One minute three-year-old Oscar Dustan will be running around and the next he can be sitting in tears for no apparent reason.
That is the effect of the medication he needs following a bone marrow transplant to try to combat life-threatening acute myeloid leukaemia – known as AML.
Dad Ryan, from Asfordby, said: "It has turned our world upside down.
"I have a big smile on my face every day but inside I am dying.
"I have to be here and have to be strong for Oscar, my wife, Tania, and daughter, Anna-May, who is two.
"I know there are a lot of people in a worse position but I don't mind admitting there are times when I have a good cry."
Oscar was two-and-a-half when he was diagnosed with AML.
Ryan, 31, said: "It was last July and Oscar became really lethargic.
"He just wasn't himself. He would want to go to bed early and he had a few nose bleeds.
"We went to our GP a few times and they thought it was a chest infection.
"Oscar wasn't getting better and an out-of-hours clinic in Oakham referred us to Leicester Royal Infirmary for a scan and blood tests.
"Later, two nurses came up to us, took us into a room and told us it was leukaemia.
"I felt sick and scared. I just wished I could make it me instead of him. I think I almost broke Tania's hand by squeezing it so hard."
Oscar was transferred to hospital in Nottingham, which specialises in treating AML.
There, he was given courses of chemotherapy over the next few months.
Ryan, a chef, said: "Tania, a hairdresser, and I had to give up our jobs.
"I would stay at the hospital from Monday to Friday and she would be there Friday to Monday.
"Oscar was a shell of himself, it was horrible. He didn't get out of bed for the first six weeks and had to learn to walk again because his legs had wasted away."
The youngster made it home for his third birthday on December 19 and Christmas Day but, at his monthly check-up in February, Ryan and Tania, 28, were devastated to hear the AML had returned.
Doctors said the only option was for Oscar to have a bone marrow transplant and he was transferred to hospital in Sheffield. Ryan said: "We were very lucky to get a 100 per cent match."
The transplant, a nine-hour infusion, was the easy part.
"Oscar has to go back to clinic every week and there is always the worry his body will reject the donor cells," said Ryan.
However, coping with their son's illness is just one aspect to the family's changed world.
Ryan said: "You meet others going through the same journey, there is a little oncology family. Out of the 16 children we knew since Oscar was diagnosed, only Oscar is left now. The oldest was 14 and the youngest, very young.
"In a way, it makes you feel as if you are just waiting but Oscar is doing all right at the moment.
"He is on loads of medication, including steroids, which has the side-effect of big mood swings.
"One minute, he will be hyper and the next crying for no reason and there is no consoling him."
The other difficulties have been financially and emotionally.
Ryan said: "We couldn't have managed without the Clic Sargent charity.
"The support, financially and emotionally, has been phenomenal.
"Tamsin, the Clic Sargent social worker, allocated to us in Nottingham, has helped us through so much.
"She did all the paperwork to help us apply for grants – I wanted to make sure we'd still be able to put a roof over the kids' heads.
"But there is all the emotional support, too – Tamsin is always there to speak to.
"If all's well in two years' time and Oscar has fully recovered, it would be fantastic.
"We could plan more than a few days ahead and not having the worry of having to go for hospital checks the whole time."
Dr Simone Stokley is a consultant paediatric haematologist at Nottingham University Hospitals NHS Trust.
She said: "Acute myeloid leukaemia (AML) is quite rare in children. There are only about 70 cases in the country each year.
"It does require intensive treatment and children with AML will require four blocks of chemotherapy over about a six-month period.
"This has to be given in hospital so children will have to spend most of that time as an inpatient.

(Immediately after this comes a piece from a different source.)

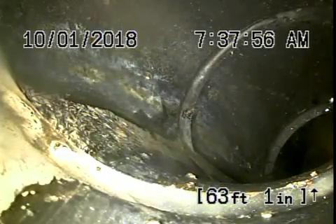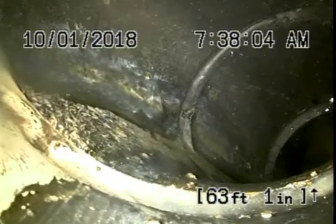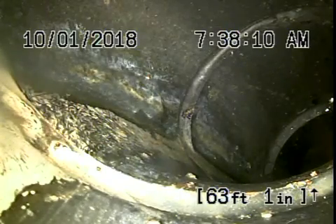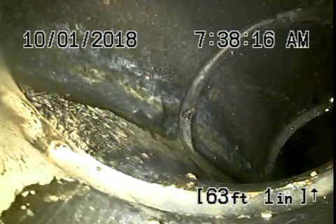We're here at 6312 Tyrone Avenue in Van Nuys. We've got our camera in from a three inch clean out located on the side of the house. The pipe actually goes underneath the house and exits on the same side of the house where there's another four inch clean out outside. We're right at the four inch clean out where we will continue the inspection from.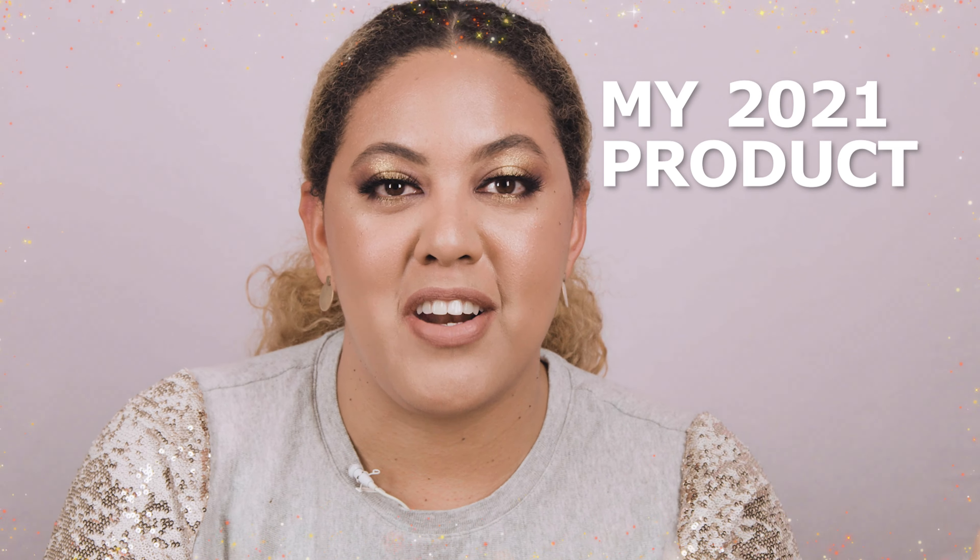Hey guys, welcome to another video. In this video I'm going to be talking about my 2021 product empties. I'm going to tell you what I love about them and why I decided to make this video. So without any further ado, let's get started.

"Most children do not need to have a bone marrow transplant."
specialist
Because the number of patients is so small, there are about 10 specialist centres in the country treating children. Nottingham is one of those centres.
Dr Stokley, below, said: "We cover the whole of the East Midlands and see about seven patients a year.
"We don't know why one child gets this and not another."
She added: "We are hoping to begin a paediatric clinical trial into treatment, hopefully next year.
"It is likely to include colleagues in France because the numbers are small.
"We will be looking to get information about a new drug, and there are new drugs coming through, and a trial will help in guiding treatments in the future."